Problem details
Your answer must consist solely of the lines from the start of the entries below through the line with "Product image for", unchanged.

Brief descriptive captions

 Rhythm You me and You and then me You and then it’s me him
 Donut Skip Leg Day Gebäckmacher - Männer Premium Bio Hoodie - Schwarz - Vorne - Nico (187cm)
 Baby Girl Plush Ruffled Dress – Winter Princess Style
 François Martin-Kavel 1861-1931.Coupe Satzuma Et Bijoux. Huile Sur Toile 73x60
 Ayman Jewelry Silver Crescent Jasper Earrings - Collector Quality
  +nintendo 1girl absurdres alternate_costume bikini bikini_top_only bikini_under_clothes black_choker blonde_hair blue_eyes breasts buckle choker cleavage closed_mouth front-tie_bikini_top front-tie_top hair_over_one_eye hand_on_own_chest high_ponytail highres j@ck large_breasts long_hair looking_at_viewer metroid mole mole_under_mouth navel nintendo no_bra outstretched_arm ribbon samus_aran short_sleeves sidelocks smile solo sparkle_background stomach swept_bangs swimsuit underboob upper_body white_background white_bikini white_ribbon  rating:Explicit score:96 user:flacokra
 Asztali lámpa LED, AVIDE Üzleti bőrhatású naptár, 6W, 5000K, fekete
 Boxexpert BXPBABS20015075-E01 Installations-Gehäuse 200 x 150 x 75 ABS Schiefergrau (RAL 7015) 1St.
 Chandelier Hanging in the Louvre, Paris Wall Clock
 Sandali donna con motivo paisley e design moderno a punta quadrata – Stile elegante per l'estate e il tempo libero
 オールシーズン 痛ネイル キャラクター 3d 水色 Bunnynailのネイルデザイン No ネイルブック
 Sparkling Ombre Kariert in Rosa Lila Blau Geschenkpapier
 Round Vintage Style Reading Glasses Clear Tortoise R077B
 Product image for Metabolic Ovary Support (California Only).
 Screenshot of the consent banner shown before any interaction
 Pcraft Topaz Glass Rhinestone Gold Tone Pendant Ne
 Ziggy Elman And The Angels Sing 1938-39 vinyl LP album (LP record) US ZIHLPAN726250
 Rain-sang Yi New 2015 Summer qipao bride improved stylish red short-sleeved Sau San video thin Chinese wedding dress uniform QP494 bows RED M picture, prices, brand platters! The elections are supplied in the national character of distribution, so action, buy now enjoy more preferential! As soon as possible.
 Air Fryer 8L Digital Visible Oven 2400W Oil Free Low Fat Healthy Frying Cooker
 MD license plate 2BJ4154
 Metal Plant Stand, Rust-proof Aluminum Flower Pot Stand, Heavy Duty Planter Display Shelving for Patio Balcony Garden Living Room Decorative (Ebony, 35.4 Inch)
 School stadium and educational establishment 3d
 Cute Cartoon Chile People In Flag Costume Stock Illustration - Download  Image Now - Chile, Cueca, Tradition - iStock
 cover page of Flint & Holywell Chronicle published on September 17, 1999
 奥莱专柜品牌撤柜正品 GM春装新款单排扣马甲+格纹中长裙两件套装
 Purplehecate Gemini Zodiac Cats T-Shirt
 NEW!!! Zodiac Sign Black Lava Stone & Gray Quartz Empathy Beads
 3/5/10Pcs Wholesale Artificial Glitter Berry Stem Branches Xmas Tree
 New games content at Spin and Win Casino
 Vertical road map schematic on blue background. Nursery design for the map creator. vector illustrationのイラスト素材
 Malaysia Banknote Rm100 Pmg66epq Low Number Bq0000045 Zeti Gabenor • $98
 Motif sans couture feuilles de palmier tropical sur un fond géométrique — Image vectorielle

Answer space
 Rhythm You me and You and then me You and then it’s me him
 Donut Skip Leg Day Gebäckmacher - Männer Premium Bio Hoodie - Schwarz - Vorne - Nico (187cm)
 Baby Girl Plush Ruffled Dress – Winter Princess Style
 François Martin-Kavel 1861-1931.Coupe Satzuma Et Bijoux. Huile Sur Toile 73x60
 Ayman Jewelry Silver Crescent Jasper Earrings - Collector Quality
  +nintendo 1girl absurdres alternate_costume bikini bikini_top_only bikini_under_clothes black_choker blonde_hair blue_eyes breasts buckle choker cleavage closed_mouth front-tie_bikini_top front-tie_top hair_over_one_eye hand_on_own_chest high_ponytail highres j@ck large_breasts long_hair looking_at_viewer metroid mole mole_under_mouth navel nintendo no_bra outstretched_arm ribbon samus_aran short_sleeves sidelocks smile solo sparkle_background stomach swept_bangs swimsuit underboob upper_body white_background white_bikini white_ribbon  rating:Explicit score:96 user:flacokra
 Asztali lámpa LED, AVIDE Üzleti bőrhatású naptár, 6W, 5000K, fekete
 Boxexpert BXPBABS20015075-E01 Installations-Gehäuse 200 x 150 x 75 ABS Schiefergrau (RAL 7015) 1St.
 Chandelier Hanging in the Louvre, Paris Wall Clock
 Sandali donna con motivo paisley e design moderno a punta quadrata – Stile elegante per l'estate e il tempo libero
 オールシーズン 痛ネイル キャラクター 3d 水色 Bunnynailのネイルデザイン No ネイルブック
 Sparkling Ombre Kariert in Rosa Lila Blau Geschenkpapier
 Round Vintage Style Reading Glasses Clear Tortoise R077B
 Product image for Metabolic Ovary Support (California Only).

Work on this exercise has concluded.